Tool 43 ~ Read both for form and content.

“Examine the machinery beneath the text.”

Remember I took a class called Feature Writing this spring? Having never seen, heard of, read, or thought about writing a feature before, guess how I did it? I read features. Yup. That’s what I did.

“That’s how smart writers continue to learn, by reading work they admire again and again ‘to see how it works’ ” (211).

So . . .

  • Read to listen to the voice of the writers.
  • Read the newspaper in search of underdeveloped story ideas.
  • Read online to experience a variety of new storytelling forms.
  • Read entire books when they compel you; but also taste bits of books.
  • In choosing what to read, be directed less by the advice of others and more by your writing compass.
  • Sample — for free — a wide selection of current magazines and journals in bookstores that serve coffee.
  • Read on topics outside your discipline, such as architecture, astronomy, economics, and photography.
  • Read with a pen nearby. Write in the margins. Talk back to the author. Mark interesting passages. Ask questions of the text (all from 212).
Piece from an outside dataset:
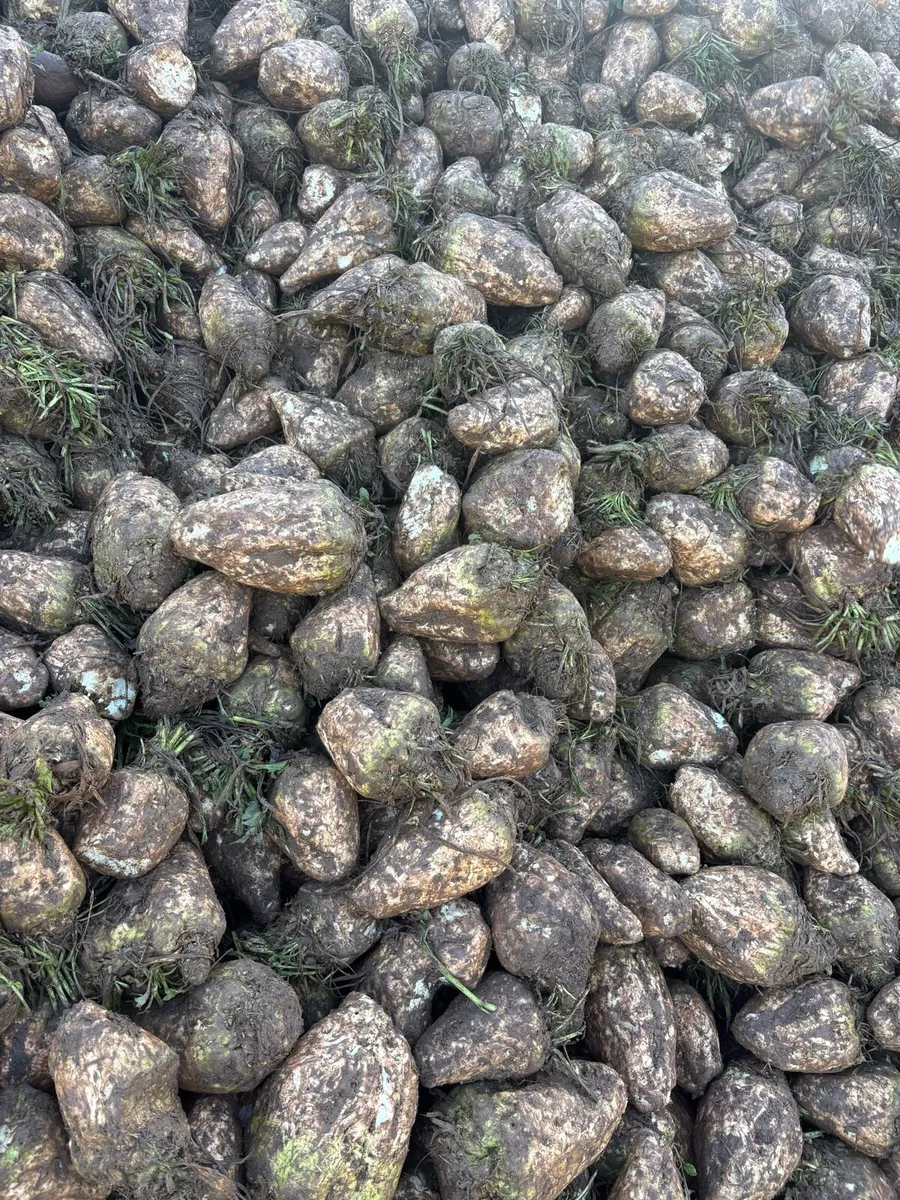 Sugar beet - Image 4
Be a part of the triangle “menage a trois — among the author, text, and reader.” Have fun! 🙂

Tool 39 ~ Write toward an ending.

“Help readers close the circle of meaning.”
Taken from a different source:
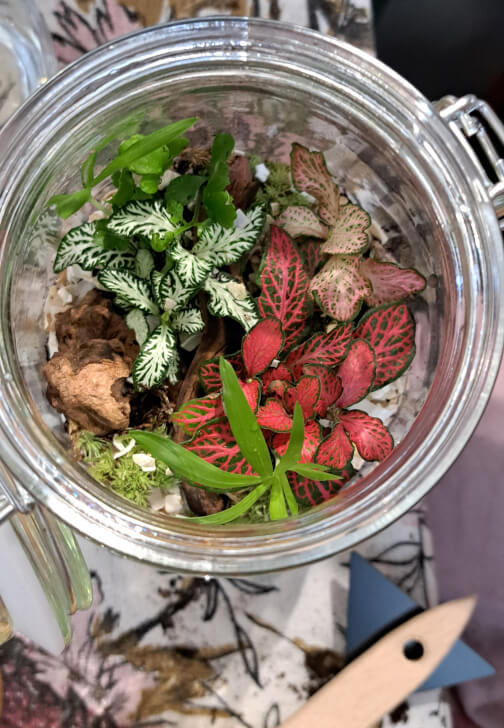 Closed Terrarium Workshop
I had no idea there were so many ways to end a story:

Closing the circle — come back around to what happened in the beginning

The tieback — tie the story into a random element in the narrative

The time frame — “The writer creates a tick-tock structure, with time advancing relentlessly. To end the story, the writer decides what should happen last” (191).

The space frame — this story is focused on space. What is happening in the place, the area? The story ends at a destination.
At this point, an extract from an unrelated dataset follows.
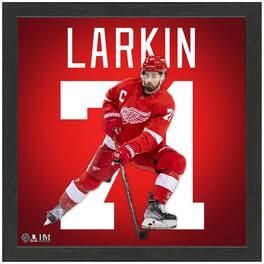 Highland Mint - Dylan Larkin Detroit Red Wings 13'' x 13'' Impact Jersey Framed Photo - Multicolor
The payoff — it’s the reward for the reader. You made it to the end!

The epilogue — and life goes on even after the book closes.

Problem and solution — this is what is wrong . . . and this is how it is solved.

The apt quote — sometimes a character says the perfect words for an ending.

Look to the future — “Most writing relates things that have happened in the past. But what do people say will happen next? What is the likely consequence of this decision or those events?”

Mobilize the reader — this ending reminds me of self-help books. Go do this. “Donate blood . . . ” Read that book, etc.

Clark ends this section by saying, “You will write better endings if you remember that other parts of your story need endings too” (191), which is so true! I learned this technique in my feature writing class.

Each sentence, thought, or paragraph needs to find closure, for in journalism, the sentences are rearranged frequently, shifting them up or down the column, or chopping them off abruptly. There is no half-hearted attempts at organization or endings. They need to happen in staccato fashion, bringing energy to the story until the very last page–the end.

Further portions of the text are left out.